• [TASK BRIEF]: In the records below, find the line that contains "2 Bed Townhouse in Secunda photo number 13" and the line that contains "10338 MCSWEEN ROAD|Fairfield Island". Set down exactly those lines and every line between them, and nothing more.

• [SUPPLIED RECORDS]:
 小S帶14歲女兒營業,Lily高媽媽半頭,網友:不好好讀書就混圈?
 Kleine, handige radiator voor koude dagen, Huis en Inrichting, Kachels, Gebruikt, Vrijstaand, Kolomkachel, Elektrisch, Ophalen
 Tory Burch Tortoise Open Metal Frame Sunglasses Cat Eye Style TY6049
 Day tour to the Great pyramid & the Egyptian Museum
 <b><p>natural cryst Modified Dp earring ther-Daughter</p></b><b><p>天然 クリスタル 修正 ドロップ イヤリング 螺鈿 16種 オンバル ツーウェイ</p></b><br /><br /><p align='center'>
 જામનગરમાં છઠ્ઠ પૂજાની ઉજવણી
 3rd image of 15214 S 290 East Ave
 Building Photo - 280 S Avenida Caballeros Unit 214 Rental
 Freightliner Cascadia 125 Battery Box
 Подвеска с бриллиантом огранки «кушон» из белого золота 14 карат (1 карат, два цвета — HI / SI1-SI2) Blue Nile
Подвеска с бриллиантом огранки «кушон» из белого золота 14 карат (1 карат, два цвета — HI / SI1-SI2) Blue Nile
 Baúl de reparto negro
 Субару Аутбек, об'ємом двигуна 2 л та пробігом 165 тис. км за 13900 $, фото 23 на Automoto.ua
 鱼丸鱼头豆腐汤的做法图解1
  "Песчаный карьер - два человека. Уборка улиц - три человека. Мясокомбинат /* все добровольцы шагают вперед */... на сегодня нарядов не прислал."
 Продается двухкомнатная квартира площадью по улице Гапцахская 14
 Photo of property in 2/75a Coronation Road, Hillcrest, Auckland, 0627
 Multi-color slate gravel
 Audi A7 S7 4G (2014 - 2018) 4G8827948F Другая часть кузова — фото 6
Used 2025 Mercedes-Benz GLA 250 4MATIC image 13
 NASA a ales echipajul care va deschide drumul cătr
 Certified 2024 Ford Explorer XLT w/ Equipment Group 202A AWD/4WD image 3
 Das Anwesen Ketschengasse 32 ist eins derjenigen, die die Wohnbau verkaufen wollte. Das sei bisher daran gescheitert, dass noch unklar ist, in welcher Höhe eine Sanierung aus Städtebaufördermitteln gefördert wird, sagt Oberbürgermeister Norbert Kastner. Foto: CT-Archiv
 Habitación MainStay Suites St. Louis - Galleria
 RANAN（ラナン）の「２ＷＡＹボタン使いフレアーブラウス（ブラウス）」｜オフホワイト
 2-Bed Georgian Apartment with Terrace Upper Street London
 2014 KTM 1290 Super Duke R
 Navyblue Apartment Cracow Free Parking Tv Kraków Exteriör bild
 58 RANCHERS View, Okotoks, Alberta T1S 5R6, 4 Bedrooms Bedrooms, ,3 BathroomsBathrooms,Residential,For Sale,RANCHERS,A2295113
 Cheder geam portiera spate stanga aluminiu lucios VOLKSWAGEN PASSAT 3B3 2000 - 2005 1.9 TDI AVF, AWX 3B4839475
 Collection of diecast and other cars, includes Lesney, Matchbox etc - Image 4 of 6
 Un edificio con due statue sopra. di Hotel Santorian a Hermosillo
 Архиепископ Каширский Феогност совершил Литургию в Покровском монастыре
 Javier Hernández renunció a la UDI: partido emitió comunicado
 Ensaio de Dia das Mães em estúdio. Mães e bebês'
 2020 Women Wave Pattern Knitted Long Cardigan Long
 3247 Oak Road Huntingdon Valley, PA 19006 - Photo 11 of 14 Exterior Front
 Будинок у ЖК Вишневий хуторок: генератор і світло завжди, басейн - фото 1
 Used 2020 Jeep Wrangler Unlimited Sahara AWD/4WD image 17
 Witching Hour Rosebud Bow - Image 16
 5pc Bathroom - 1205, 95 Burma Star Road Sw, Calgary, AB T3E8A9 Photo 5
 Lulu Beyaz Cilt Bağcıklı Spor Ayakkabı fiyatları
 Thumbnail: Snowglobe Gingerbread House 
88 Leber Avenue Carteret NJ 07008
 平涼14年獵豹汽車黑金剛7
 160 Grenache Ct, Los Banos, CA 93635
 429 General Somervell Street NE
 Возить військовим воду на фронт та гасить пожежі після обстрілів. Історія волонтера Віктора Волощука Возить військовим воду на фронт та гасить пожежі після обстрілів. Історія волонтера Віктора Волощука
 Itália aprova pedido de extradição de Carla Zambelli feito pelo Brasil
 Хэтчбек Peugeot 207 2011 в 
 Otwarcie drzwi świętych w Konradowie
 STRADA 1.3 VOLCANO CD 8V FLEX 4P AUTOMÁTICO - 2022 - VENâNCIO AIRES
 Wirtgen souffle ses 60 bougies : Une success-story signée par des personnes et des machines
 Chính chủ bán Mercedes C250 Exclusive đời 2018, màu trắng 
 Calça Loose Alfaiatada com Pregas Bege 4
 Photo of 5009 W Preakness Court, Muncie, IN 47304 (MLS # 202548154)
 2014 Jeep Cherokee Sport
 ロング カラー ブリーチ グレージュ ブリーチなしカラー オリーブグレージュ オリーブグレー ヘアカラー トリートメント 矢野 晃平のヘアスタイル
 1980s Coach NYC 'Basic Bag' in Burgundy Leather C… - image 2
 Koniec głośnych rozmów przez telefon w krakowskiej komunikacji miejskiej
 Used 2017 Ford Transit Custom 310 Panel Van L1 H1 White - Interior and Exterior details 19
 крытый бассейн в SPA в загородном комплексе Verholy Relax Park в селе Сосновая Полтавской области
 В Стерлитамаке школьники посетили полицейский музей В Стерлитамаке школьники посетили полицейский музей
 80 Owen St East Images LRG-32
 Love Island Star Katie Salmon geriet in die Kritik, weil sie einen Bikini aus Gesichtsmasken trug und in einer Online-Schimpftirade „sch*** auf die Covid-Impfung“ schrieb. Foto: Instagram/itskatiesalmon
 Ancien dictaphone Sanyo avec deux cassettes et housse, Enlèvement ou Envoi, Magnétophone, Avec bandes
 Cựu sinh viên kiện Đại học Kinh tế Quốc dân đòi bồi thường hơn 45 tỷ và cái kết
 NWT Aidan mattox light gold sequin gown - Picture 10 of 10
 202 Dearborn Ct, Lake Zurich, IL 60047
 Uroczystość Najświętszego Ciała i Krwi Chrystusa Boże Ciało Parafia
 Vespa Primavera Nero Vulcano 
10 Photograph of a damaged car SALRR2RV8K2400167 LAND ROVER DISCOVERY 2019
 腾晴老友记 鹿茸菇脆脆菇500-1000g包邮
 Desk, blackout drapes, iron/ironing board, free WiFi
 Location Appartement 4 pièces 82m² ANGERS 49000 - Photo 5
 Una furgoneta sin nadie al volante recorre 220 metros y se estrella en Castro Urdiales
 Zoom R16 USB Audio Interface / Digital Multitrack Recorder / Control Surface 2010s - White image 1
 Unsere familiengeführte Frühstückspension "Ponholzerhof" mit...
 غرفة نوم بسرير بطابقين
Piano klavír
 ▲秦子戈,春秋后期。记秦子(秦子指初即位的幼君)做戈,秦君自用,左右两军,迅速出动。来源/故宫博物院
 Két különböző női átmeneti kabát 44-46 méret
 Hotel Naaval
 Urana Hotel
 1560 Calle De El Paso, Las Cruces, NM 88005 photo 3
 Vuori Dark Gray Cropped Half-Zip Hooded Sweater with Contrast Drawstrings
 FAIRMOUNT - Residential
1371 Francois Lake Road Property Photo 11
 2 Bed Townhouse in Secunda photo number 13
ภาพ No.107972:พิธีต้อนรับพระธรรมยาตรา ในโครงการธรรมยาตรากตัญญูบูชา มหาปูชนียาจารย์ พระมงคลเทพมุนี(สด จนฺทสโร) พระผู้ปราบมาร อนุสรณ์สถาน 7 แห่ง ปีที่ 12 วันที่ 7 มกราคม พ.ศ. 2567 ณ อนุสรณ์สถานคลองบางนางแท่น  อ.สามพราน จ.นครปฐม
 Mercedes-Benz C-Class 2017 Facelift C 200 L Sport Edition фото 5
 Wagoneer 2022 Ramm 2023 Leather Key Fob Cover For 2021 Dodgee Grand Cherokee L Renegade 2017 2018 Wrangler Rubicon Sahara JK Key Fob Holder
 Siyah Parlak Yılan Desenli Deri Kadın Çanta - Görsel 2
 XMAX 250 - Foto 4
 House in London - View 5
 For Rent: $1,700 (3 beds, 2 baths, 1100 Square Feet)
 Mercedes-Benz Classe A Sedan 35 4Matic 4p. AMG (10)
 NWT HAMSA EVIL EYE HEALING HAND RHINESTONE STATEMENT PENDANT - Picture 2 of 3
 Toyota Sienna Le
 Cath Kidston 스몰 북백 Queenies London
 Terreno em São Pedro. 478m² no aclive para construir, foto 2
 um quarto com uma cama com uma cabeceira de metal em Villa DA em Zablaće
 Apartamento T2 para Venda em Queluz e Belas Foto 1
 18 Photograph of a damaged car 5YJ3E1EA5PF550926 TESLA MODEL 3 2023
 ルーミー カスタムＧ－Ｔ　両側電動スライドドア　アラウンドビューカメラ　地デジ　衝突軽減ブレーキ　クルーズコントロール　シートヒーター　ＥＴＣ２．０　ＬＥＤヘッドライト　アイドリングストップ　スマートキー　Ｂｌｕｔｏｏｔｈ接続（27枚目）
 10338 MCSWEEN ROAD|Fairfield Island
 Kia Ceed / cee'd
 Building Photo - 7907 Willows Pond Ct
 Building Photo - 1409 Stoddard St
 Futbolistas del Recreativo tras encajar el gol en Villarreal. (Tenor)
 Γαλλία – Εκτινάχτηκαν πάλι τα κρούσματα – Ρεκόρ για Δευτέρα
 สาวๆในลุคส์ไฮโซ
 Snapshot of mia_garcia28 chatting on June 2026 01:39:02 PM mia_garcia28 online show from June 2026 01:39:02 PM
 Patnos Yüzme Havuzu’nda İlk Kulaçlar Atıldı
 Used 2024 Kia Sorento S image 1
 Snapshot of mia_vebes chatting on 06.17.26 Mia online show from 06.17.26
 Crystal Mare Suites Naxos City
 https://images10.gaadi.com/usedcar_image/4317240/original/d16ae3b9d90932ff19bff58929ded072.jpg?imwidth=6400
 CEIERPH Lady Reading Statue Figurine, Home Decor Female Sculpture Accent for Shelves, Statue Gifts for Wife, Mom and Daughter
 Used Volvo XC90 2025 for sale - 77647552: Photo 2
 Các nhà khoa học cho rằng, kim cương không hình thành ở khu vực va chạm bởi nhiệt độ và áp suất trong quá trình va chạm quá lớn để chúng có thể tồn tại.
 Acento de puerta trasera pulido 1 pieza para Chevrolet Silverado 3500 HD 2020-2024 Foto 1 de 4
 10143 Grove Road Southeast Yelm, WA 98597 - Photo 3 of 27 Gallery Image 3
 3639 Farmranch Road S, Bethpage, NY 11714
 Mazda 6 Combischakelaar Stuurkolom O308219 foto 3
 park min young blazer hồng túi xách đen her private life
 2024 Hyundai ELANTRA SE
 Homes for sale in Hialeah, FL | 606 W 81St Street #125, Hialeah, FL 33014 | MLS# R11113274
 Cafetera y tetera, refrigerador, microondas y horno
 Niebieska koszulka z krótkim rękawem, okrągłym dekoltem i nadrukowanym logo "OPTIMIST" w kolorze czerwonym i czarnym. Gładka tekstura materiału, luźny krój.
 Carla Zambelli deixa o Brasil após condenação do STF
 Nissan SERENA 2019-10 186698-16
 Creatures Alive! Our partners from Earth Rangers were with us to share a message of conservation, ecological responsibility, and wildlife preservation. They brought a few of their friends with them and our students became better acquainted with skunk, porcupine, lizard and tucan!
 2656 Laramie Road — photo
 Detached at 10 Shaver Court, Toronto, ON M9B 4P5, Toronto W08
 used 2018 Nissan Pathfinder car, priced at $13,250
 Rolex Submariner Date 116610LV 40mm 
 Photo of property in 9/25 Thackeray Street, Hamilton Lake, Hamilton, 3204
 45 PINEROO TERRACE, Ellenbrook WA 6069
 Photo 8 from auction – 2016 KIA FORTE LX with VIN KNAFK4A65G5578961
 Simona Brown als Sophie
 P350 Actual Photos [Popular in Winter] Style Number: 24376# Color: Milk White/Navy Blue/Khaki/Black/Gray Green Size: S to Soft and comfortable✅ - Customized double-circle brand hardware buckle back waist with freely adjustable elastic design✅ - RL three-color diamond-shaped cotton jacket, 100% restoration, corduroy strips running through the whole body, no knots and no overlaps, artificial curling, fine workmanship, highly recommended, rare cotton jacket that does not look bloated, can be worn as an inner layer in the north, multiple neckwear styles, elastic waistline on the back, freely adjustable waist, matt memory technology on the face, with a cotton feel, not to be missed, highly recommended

• [ANSWER BOX]:
 2 Bed Townhouse in Secunda photo number 13
ภาพ No.107972:พิธีต้อนรับพระธรรมยาตรา ในโครงการธรรมยาตรากตัญญูบูชา มหาปูชนียาจารย์ พระมงคลเทพมุนี(สด จนฺทสโร) พระผู้ปราบมาร อนุสรณ์สถาน 7 แห่ง ปีที่ 12 วันที่ 7 มกราคม พ.ศ. 2567 ณ อนุสรณ์สถานคลองบางนางแท่น  อ.สามพราน จ.นครปฐม
 Mercedes-Benz C-Class 2017 Facelift C 200 L Sport Edition фото 5
 Wagoneer 2022 Ramm 2023 Leather Key Fob Cover For 2021 Dodgee Grand Cherokee L Renegade 2017 2018 Wrangler Rubicon Sahara JK Key Fob Holder
 Siyah Parlak Yılan Desenli Deri Kadın Çanta - Görsel 2
 XMAX 250 - Foto 4
 House in London - View 5
 For Rent: $1,700 (3 beds, 2 baths, 1100 Square Feet)
 Mercedes-Benz Classe A Sedan 35 4Matic 4p. AMG (10)
 NWT HAMSA EVIL EYE HEALING HAND RHINESTONE STATEMENT PENDANT - Picture 2 of 3
 Toyota Sienna Le
 Cath Kidston 스몰 북백 Queenies London
 Terreno em São Pedro. 478m² no aclive para construir, foto 2
 um quarto com uma cama com uma cabeceira de metal em Villa DA em Zablaće
 Apartamento T2 para Venda em Queluz e Belas Foto 1
 18 Photograph of a damaged car 5YJ3E1EA5PF550926 TESLA MODEL 3 2023
 ルーミー カスタムＧ－Ｔ　両側電動スライドドア　アラウンドビューカメラ　地デジ　衝突軽減ブレーキ　クルーズコントロール　シートヒーター　ＥＴＣ２．０　ＬＥＤヘッドライト　アイドリングストップ　スマートキー　Ｂｌｕｔｏｏｔｈ接続（27枚目）
 10338 MCSWEEN ROAD|Fairfield Island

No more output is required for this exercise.